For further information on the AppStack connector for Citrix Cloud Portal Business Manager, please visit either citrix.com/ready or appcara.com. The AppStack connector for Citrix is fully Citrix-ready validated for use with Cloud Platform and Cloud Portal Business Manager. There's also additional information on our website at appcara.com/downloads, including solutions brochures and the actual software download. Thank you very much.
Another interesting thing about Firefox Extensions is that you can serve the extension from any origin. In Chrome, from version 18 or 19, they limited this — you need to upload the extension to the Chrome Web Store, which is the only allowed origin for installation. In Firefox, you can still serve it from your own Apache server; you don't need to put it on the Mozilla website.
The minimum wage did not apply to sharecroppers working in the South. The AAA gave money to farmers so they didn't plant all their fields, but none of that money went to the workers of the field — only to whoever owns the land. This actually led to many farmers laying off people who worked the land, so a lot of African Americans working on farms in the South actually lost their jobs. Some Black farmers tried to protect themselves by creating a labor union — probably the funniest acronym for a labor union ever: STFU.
---
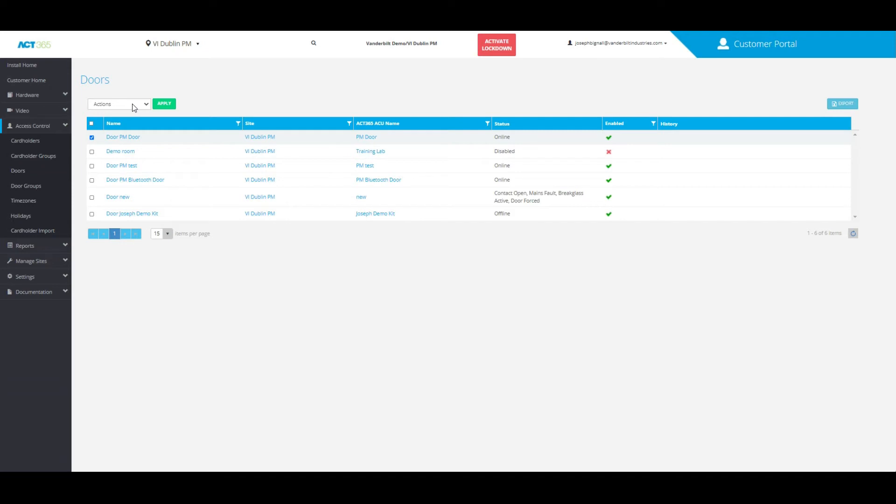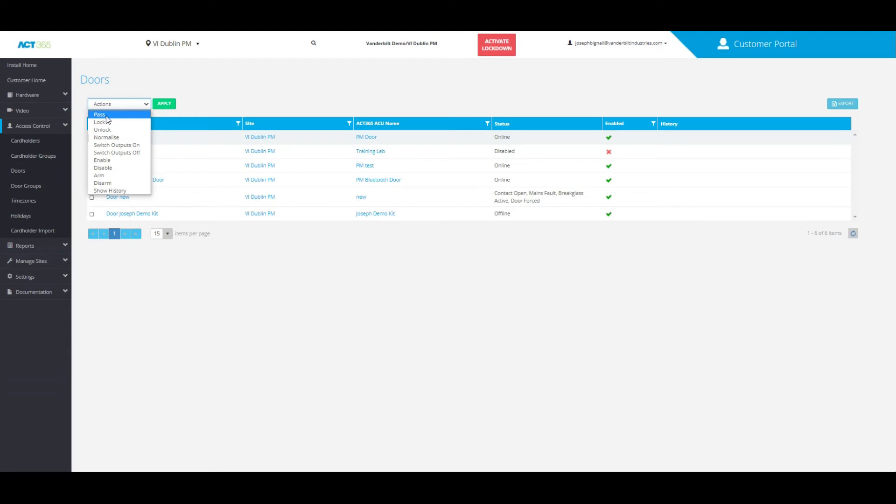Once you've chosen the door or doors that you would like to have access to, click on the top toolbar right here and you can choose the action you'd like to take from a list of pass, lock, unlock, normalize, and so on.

**Exercise requirements:** Go through the entries above and copy each line with "they" in it.

**Solution to the problem:**
Another interesting thing about Firefox Extensions is that you can serve the extension from any origin. In Chrome, from version 18 or 19, they limited this — you need to upload the extension to the Chrome Web Store, which is the only allowed origin for installation. In Firefox, you can still serve it from your own Apache server; you don't need to put it on the Mozilla website.
The minimum wage did not apply to sharecroppers working in the South. The AAA gave money to farmers so they didn't plant all their fields, but none of that money went to the workers of the field — only to whoever owns the land. This actually led to many farmers laying off people who worked the land, so a lot of African Americans working on farms in the South actually lost their jobs. Some Black farmers tried to protect themselves by creating a labor union — probably the funniest acronym for a labor union ever: STFU.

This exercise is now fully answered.